Je salue mes amis Jean, maintenant parti, et son fils Bernard, maître en musique, chanteur, compositeur, pianiste, accordéoniste.
Jean fut de celles et ceux qui y allèrent de leur poche pour élever un monument funéraire au grand écrivain Arthur Buies, au cimetière Belmont, à Québec, une création de Loretta. Les deux photographies de ce lieu sont de Jean-Marc Gagnon.
Il s’agit de ma famille. Ma mère est Lilia Chaloult Ferretti. Fille de Lilia Ferretti. Cet article la touche beaucoup.
Merci
Paule Marceau, Fille de Lilia Ferretti.
Quelle belle nouvelle, Madame Marceau ! Merci infiniment. Et je Vous prie de saluer votre mère pour moi. Malheureusement, comme mon propre père, elle n’a pu connaître sa mère.
Saluez-la, je Vous en prie. Et merci encore !
Lilia Ferretti n’as pas été le seul enfant du couple.

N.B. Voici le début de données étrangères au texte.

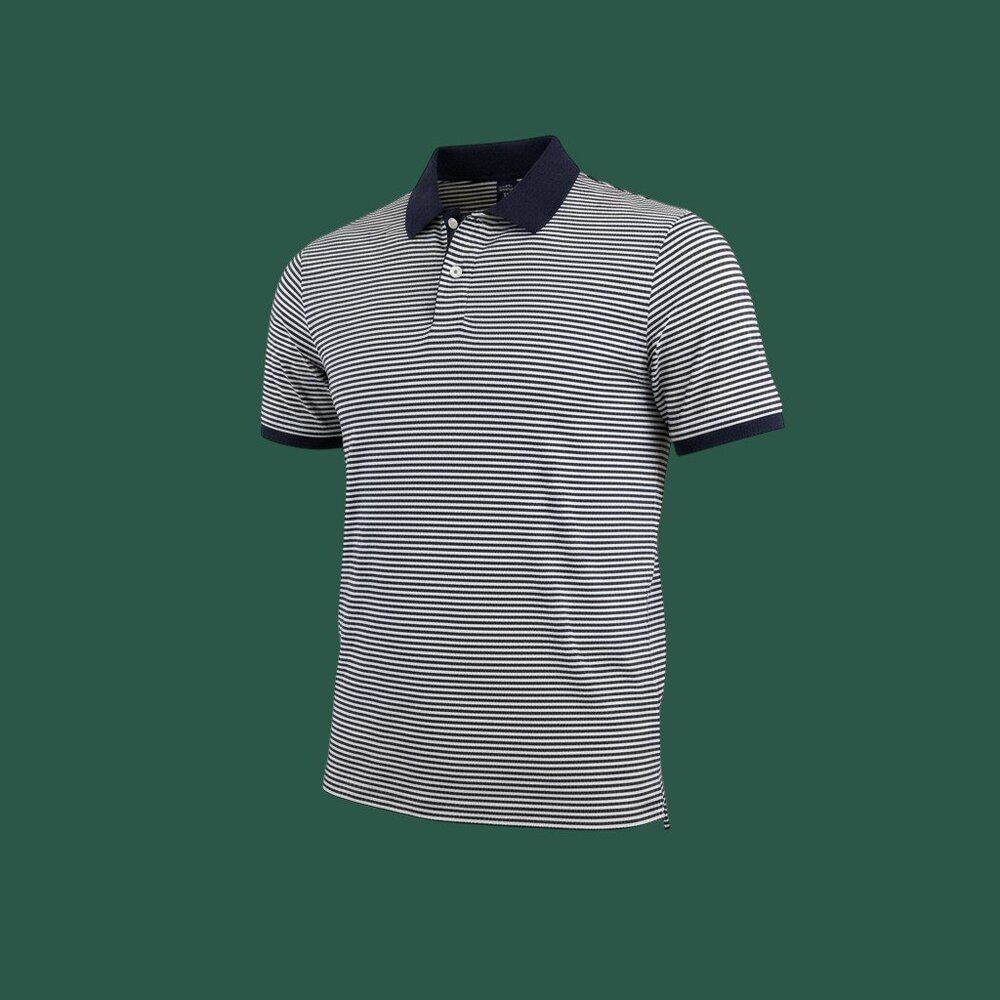 Bugle Boy Men’s Polo Shirt XL Navy White Stripe Short Sleeve 60/40 -Excellent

Il y a aussi eu une fille cadette, Paola (Paulette), née le 20 septembre 1913 et décédée à Québec le 15 octobre 1998. Celle-ci apparait sur la photo tirée du livre de Jean Cimon prise au manoir de Rimouski. Le 28 avril 1938, elle a épousé Jean Thomas Gendron avec lequel elle a eu deux fils et trois filles. Contacté par moi, une de ses filles m’a raconté que sa grand-mère était revenue au Canada avec ses filles alors qu’elles avaient respectivement dix et huit ans au début des années vingt.
Ugo Ferretti était le fils d’Augusto Torlonia, 3e prince de Civitella-Cesi, et de Joséphine Mastai-Ferretti. Né hors mariage, il a été reconnu par son père et a été légitimé par le Saint-Siège. Il n’a toutefois pas été admis dans l’ordre successoral.
Merci beaucoup, cher Paul, de ces nouveaux détails de cette histoire incroyable.